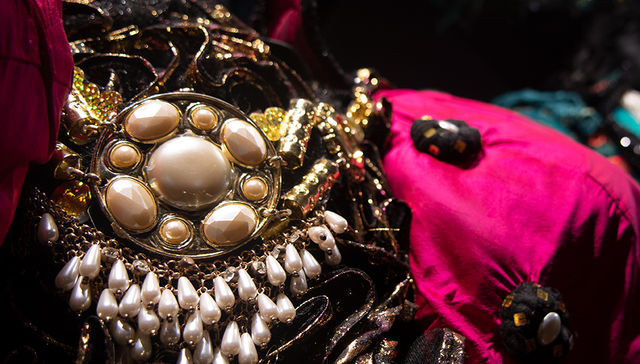 Sembrando margaritas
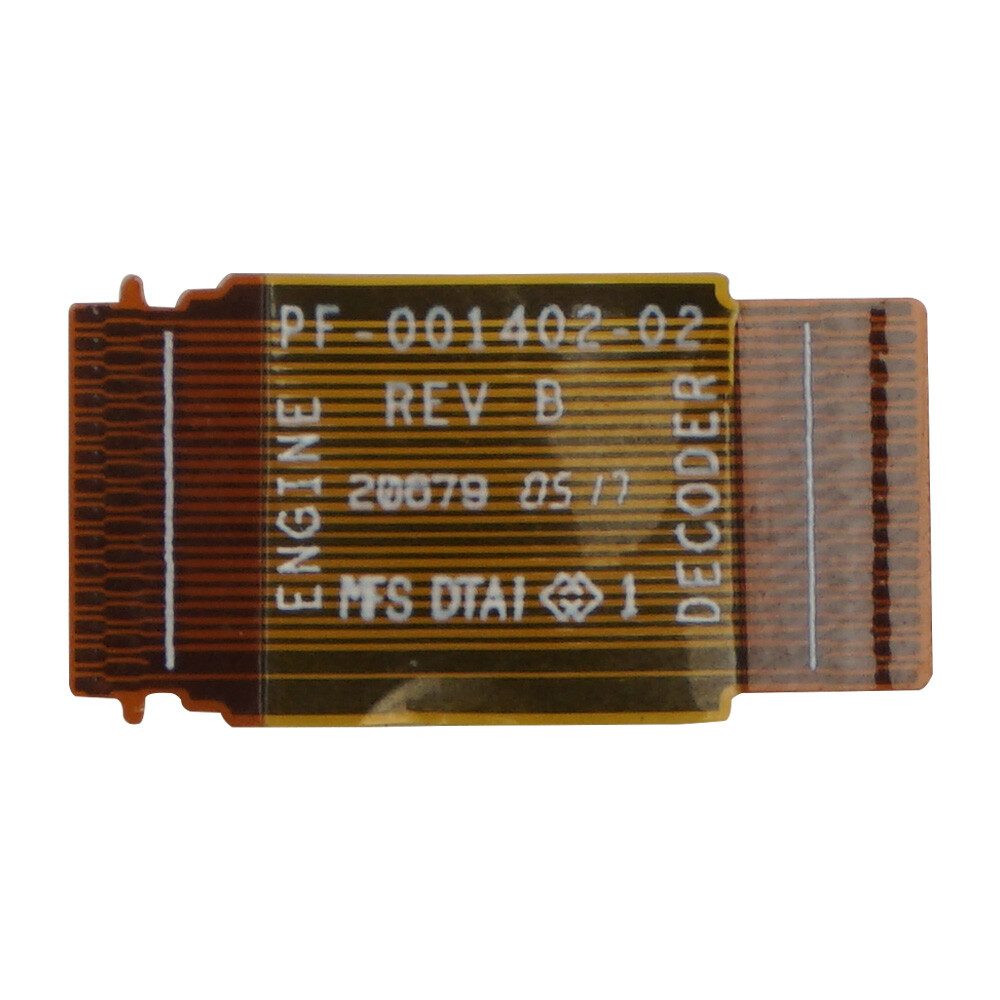 (10-PCS)Scan engine Flex Cable For Zebra for Symbol DS2208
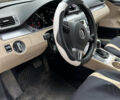 Белый Фольксваген CC / Passat CC, объемом двигателя 1.98 л и пробегом 150 тыс. км за 11500 $, фото 1 на Automoto.ua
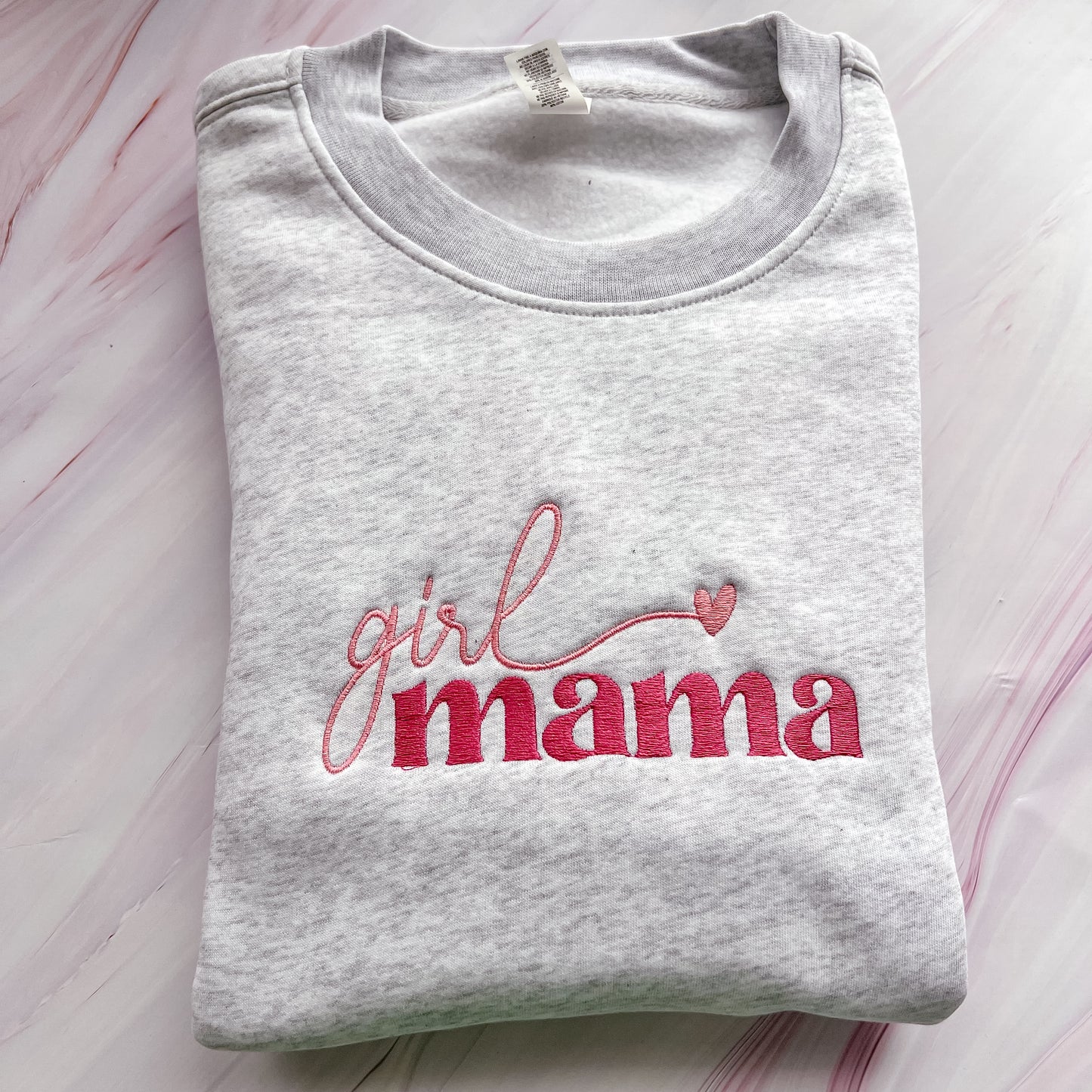 Girl Mama Crew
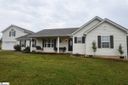 2335 Mays Bridge Road sold home in Greer, SC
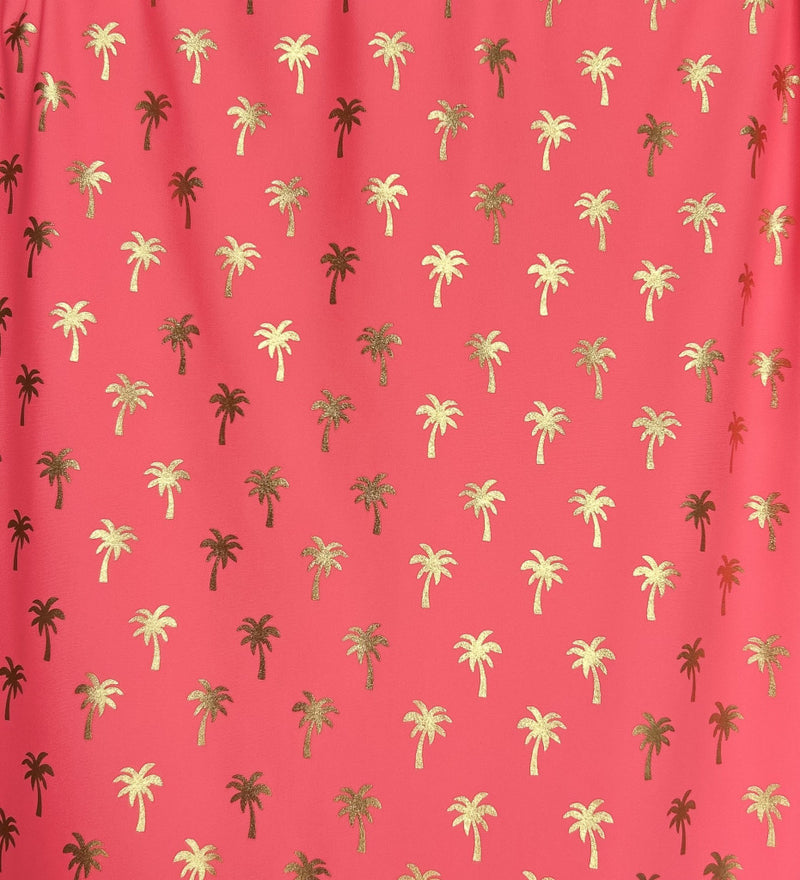 Coral Palm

===============

## Activity
Retype the line containing "Girl Mama Crew" and all lines after it through the end of the material, exactly and only those, leaving out pictures.

## The completed task
 Girl Mama Crew
 2335 Mays Bridge Road sold home in Greer, SC
 Coral Palm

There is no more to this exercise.